In 1933, Fr. Magdaleno Castillo began the reconstruction of the church from the plan prepared by National Artist of the Philippines architect Juan Nakpil – son of composer Julio Nakpil. He added the church's dome and a second belfry to balance out the façade. The reconstructed church, made of reinforced concrete, was completed in 1935. During World War II, parts of Quiapo were destroyed except for Quiapo Church.

Expansion and contemporary history 

Msgr. José Abriol appointed architect José María Zaragoza and engineer Eduardo Santiago to expand the church in order to accommodate more devotees. The church was expanded from 1984 to 1986. Changes to the building were made, such as the removal of the ornate exposed trusses, the removal of the interior columns to create an expansive columnless structure, and the realignment of the perimeter walls. Even though Zaragoza did not tamper the facade and altar area, his renovation project received criticisms like comparing the new interior with a basketball court. The criticisms did not affect the popularity of the church.

Jaime Cardinal Sin, then-Archbishop of Manila, reconsecrated the church on September 28, 1987. The church was then conferred the title Basilica Minor of the Nuestro Padre Jesús Nazareno on February 1, 1988. Papal Nuncio to the Philippines, Archbishop Bruno Torpigliani, blessed the altar of Saint Lorenzo Ruíz on that day.

In 2006, the church celebrated the quadricentennial anniversary of the arrival of the image of the Black Nazarene in the Philippines. As part of the celebrations, a jubilee wall was set up at the entrance gate where devotees would post and write their personal testimonials on their faith and devotion to the Black Nazarene.

Architecture 

Built in the Baroque style, Quiapo Church's façade is distinctive with twisted columns on both levels. The Corinthian columns of the second level has a third of its shaft twisted near the base, while the upper portion has a smooth surface.

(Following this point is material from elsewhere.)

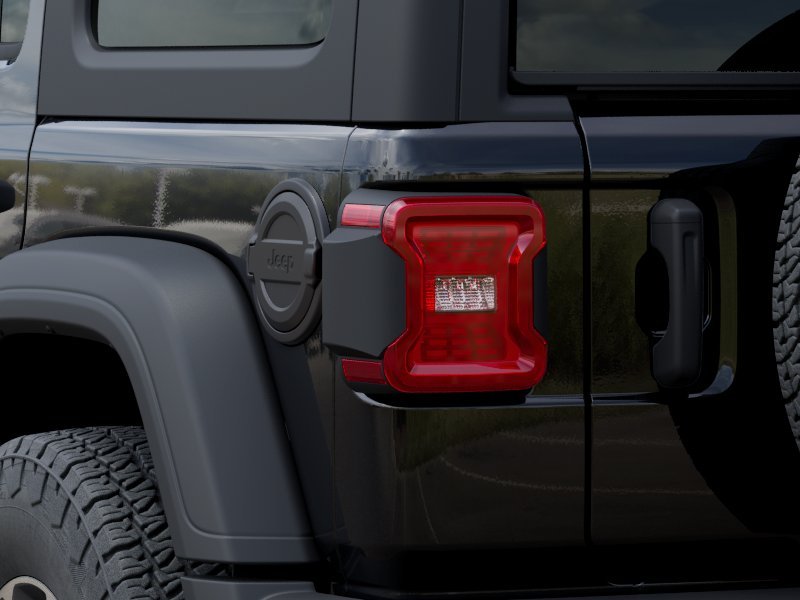 New 2025 Black Clearcoat Jeep Sport S image 35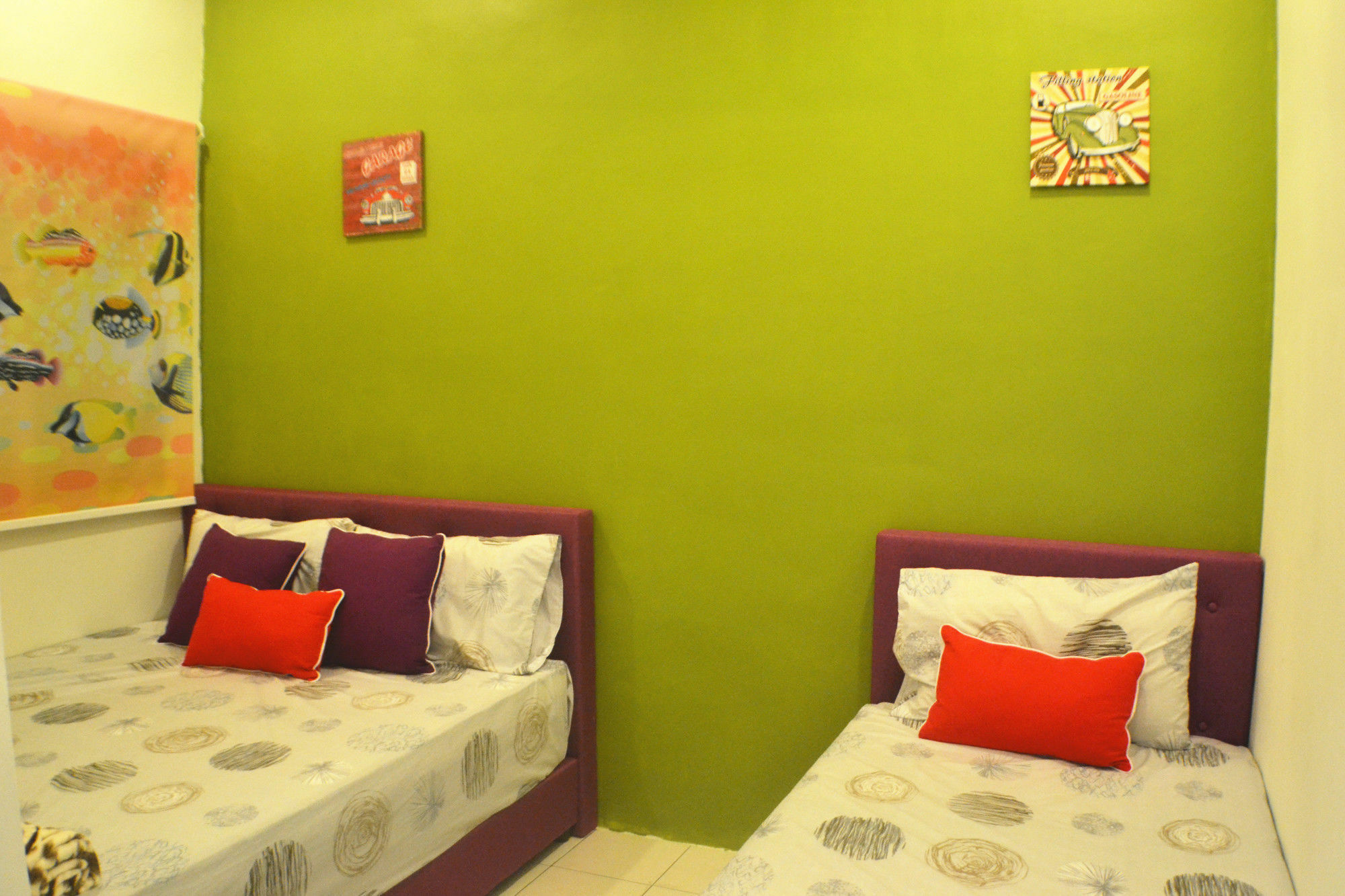 Sakura Homestay Kampar Bagian luar foto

The topmost portion of the four-storey belfries are rimmed with balustrades and decorated with huge scrolls. The tympanum of the pediment has a pair of chalice-shaped finials, and towards the end of the raking cornice, urn-like vases mark the end of the pediment. A quatrefoil window in the center of the pediment was sealed up in the late 1980s and replaced with a relief of the crossed keys and tiara of the pope – a symbol of its status as a minor basilica.

With its recent renovation, only the façade, the dome, the transept, and the apse retained the classic design.

Devotion to the Black Nazarene

The masses go to Quiapo Church in downtown Plaza Miranda and drop a visit to the Nuestro Señor Jesús Nazareno (a dark figure of Christ carved by a Mexican artist from black wood) whose image, reputedly miraculous, was brought to the country in a Spanish galleon in the 17th century.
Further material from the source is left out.